SwedeSpeed - Volvo Performance Forum banner

Repairing High Oil Consumption with Fuel and Oil Additives - 6 month update - it works!

5027 Views 67 Replies 23 Participants Last post by  Fooj
Six months ago I shared that using Liqui-Moly ProLine Engine Flush helped with my oil consumption issue on my 5 cylinder Volvo. Well, now that some time has passed, I can give an update.

Around 1 quart got consumed after 2500 miles. After adding Liqui-Moly ViscoPlus, I have not burned any oil after driving 1500 more miles.

I now have an improved procedure for fixing this issue:
  1. Lift the car with a jack and jack stands or ramps.
  2. Next, add a bottle of Liqui-Moly ProLine Engine Flush to the engine oil and idle the engine for 15 minutes.
  3. Drain the engine oil. Be careful as the oil will be hot!
  4. Remove the oil filter. A low profile 36mm socket and a flex head ratchet or a regular ratchet with universal joint and extension is required.
  5. Reinstall the drain plug and belly pan with a new aluminum crush washer.
  6. Install the new oil filter.
  7. Add a 300ml can of Liqui-Moly Viscoplus for Oil.
  8. Add new oil of your choice. I have had good results with both Castrol and Liqui Moly oil.
  9. Add a can of fuel system cleaner and top up the tank with gasoline. Any cleaner with a lot of PEA in it will work. RedLine and Techron are popular.
  10. Drive around. Recycle used oil properly!
A lower oil change interval is also useful to preventing oil consumption. An extractor pump will leave 100ml or so of old oil in the crankcase, but extracting oil halfway between Volvo's recommended 10k oil changes should be enough.
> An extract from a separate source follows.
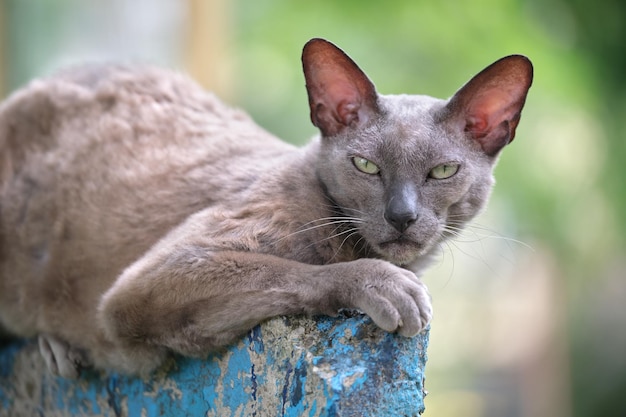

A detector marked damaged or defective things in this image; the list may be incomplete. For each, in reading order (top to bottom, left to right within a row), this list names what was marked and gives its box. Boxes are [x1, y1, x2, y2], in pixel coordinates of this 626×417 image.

peeling paint [0, 312, 428, 416]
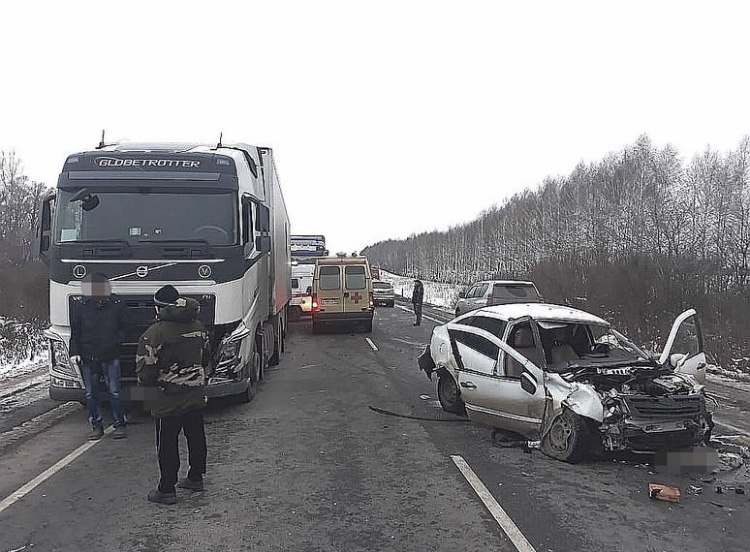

This works because Volvo did not design their oil control ring correctly. The oil control ring becomes fouled with carbon deposits, and oil ends up in the combustion chamber instead of being scraped down the cylinder wall. Engine flush will remove years of built-up deposits from the oil control ring.

The fuel system cleaner contains PEA, a detergent which can break up carbon deposits in the combustion chamber which result from oil consumption. These deposits can cause spark plug fouling, clogged injectors and other issues.

Since some oil is burnt and sent through the exhaust, it is essential that any oil or additives used are labeled as safe for catalytic converters!
See less See more
  • Like
Reactions: 2
61 - 68 of 68 Posts
May finally have made headway with additives…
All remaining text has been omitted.